Re: Configuring persistence for large dataset on small cluster

Posted by Stephen Darlington <st...@gridgain.com>.

What happens after you have 150mm records? You say it’s not okay, but you don’t say what does happen. Does it crash, slow down, what?

With SQL and persistence, I think you’d probably need more heap space. Increasing the number of partitions isn’t likely to help.

> On 14 Mar 2021, at 20:14, Sebastien Blind <se...@gmail.com> wrote:
> 
> Hello Apache Ignite friends,
> I am trying to load 1bn records in an ignite cache with persistence enabled for a poc.
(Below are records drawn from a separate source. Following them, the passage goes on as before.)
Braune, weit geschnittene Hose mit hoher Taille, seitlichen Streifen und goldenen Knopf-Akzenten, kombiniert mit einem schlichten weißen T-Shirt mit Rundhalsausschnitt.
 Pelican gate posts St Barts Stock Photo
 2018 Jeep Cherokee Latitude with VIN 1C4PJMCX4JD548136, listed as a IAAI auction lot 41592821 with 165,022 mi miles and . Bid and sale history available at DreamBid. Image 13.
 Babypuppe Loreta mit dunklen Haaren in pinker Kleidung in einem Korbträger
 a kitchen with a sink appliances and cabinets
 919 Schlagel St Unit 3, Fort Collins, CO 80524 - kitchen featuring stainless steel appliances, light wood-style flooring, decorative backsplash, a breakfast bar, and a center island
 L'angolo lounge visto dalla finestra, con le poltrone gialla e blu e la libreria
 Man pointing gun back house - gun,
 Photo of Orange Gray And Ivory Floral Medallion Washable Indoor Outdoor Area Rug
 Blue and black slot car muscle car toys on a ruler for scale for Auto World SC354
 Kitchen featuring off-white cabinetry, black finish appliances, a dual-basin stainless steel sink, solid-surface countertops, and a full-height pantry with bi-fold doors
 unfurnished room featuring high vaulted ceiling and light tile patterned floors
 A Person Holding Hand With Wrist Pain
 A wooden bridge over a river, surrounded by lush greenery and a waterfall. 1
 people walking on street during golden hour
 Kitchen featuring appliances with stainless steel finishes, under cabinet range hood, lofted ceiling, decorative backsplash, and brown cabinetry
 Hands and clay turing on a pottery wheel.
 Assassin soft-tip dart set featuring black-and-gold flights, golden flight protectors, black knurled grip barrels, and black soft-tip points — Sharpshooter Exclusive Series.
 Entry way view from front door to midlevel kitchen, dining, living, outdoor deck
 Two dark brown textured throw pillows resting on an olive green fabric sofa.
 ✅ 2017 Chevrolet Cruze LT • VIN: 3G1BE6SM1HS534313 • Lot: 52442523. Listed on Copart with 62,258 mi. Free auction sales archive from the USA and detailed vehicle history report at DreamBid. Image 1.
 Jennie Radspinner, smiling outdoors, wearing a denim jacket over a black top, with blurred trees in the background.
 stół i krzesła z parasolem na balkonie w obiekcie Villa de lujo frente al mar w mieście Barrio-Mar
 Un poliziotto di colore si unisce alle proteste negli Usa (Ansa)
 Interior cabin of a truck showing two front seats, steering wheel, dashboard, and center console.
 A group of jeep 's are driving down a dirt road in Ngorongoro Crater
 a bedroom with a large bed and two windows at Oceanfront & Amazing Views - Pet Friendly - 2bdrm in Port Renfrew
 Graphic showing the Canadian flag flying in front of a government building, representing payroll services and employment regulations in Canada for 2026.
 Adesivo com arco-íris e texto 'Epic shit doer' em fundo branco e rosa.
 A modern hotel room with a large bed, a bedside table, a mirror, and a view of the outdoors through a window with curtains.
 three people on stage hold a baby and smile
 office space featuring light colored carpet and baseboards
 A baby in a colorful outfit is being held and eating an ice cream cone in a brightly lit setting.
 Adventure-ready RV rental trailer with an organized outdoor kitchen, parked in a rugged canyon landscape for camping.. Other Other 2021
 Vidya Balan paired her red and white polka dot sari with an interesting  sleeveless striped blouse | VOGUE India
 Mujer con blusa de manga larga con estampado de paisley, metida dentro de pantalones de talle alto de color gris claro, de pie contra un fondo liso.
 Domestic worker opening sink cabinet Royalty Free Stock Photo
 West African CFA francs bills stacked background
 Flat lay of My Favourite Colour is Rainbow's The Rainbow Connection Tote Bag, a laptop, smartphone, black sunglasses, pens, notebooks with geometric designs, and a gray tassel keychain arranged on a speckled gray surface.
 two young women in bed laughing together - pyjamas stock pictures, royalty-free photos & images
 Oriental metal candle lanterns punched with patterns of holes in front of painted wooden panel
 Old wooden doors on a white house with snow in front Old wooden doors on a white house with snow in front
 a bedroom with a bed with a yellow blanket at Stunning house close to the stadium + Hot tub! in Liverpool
Records only consist of an id, a uuid and a state, and I'd like to lookup by id (this is the key in the cache) and by token (sql queries for that are fine or another cache keyed by uuid is another option).
> 
> The experiment is running locally on a MacOs (16Gb memory) laptop and I'd like to use as little memory as possible, and use disk storage as much as possible. Everything works ok until ~150M with query index enabled, and ~600M without index or side cache, so I'd be curious about what type of settings (if any) could help w/ the setup, and what amount of data can a single node be expected to handle. Restarting my ignite node and the loading process seems to help and more data can be stuffed in the cache.
> 
> I've tried to play w/ settings like size, number of partitions etc and to find some info on how to control what's onheap/offheap etc, any overhead/sizing that could be taken into consideration without much success. Maybe the experiment is doomed to fail just based on the specs, but it would be good to understand the constraints..  so any help would be much appreciated!
> 
> Thanks in advance!
> Sebastien
> 
> PS:
> JVM is running w/ -Xms4g -Xmx4g -server -XX:MaxMetaspaceSize=256m settings.
> 
> Some snippet of the config:
> <property name="persistenceEnabled" value="true" />
> <property name="initialSize" value="#{4L * 1024 * 1024 * 1024}" />
> <property name="maxSize" value="#{4L * 1024 * 1024 * 1024}" />
> <property name="pageEvictionMode" value="RANDOM_2_LRU" />
> 
> Cache configuration
> <property name="cacheConfiguration">
> 	<bean class="org.apache.ignite.configuration.CacheConfiguration">
> 		<!-- Set the cache name. -->
> 		<property name="name" value="qa_sqr_txn" />
> 		<!-- Set the cache mode. -->
> 		<property name="cacheMode" value="PARTITIONED" />
> 		<property name="backups" value="0" />
> 		<property name="storeKeepBinary" value="true" />
> 
> 		<property name="affinity">
> 			<bean class="org.apache.ignite.cache.affinity.rendezvous.RendezvousAffinityFunction">
> 				<property name="partitions" value="8192" />
> 			</bean>
> 		</property>
> 
> 		<!-- Configure query entities -->
> 		<property name="queryEntities">
> 			<list>
> 				<bean class="org.apache.ignite.cache.QueryEntity">
> 					<!-- Setting the type of the key -->
> 					<property name="keyType" value="java.lang.String" />
> 					<property name="keyFieldName" value="id" />
> 
> 					<!-- Setting type of the value -->
> 					<property name="valueType" value="com.xxx.Txn" />
> 
> 					<property name="fields">
> 						<map>
> 							<entry key="id" value="java.lang.String" />
> 							<entry key="token" value="java.lang.String" />
> 							<entry key="state" value="java.lang.String " />
> 						</map>
> 					</property>
> 					<!-- 
> 					<property name="indexes">
> 						<list>
> 							<bean class="org.apache.ignite.cache.QueryIndex">
> 								<constructor-arg value="token" />
> 							</bean>
> 						</list>
> 					</property>
> 					 -->
> 				</bean>
> 			</list>
> 		</property>
> 	</bean>
> </property>

Re: Configuring persistence for large dataset on small cluster

Posted by Ilya Kasnacheev <il...@gmail.com>.

Hello!

"Use as little memory as possible" is something Ignite is not optimized
for. As you limit the amount of memory in the data region and increase
amount of data, even all sorts of metadata pages (cache info, free lists,
indexes, etc) will stop fitting in memory and then performance will grind
to a halt or you can even catch IgniteOOM.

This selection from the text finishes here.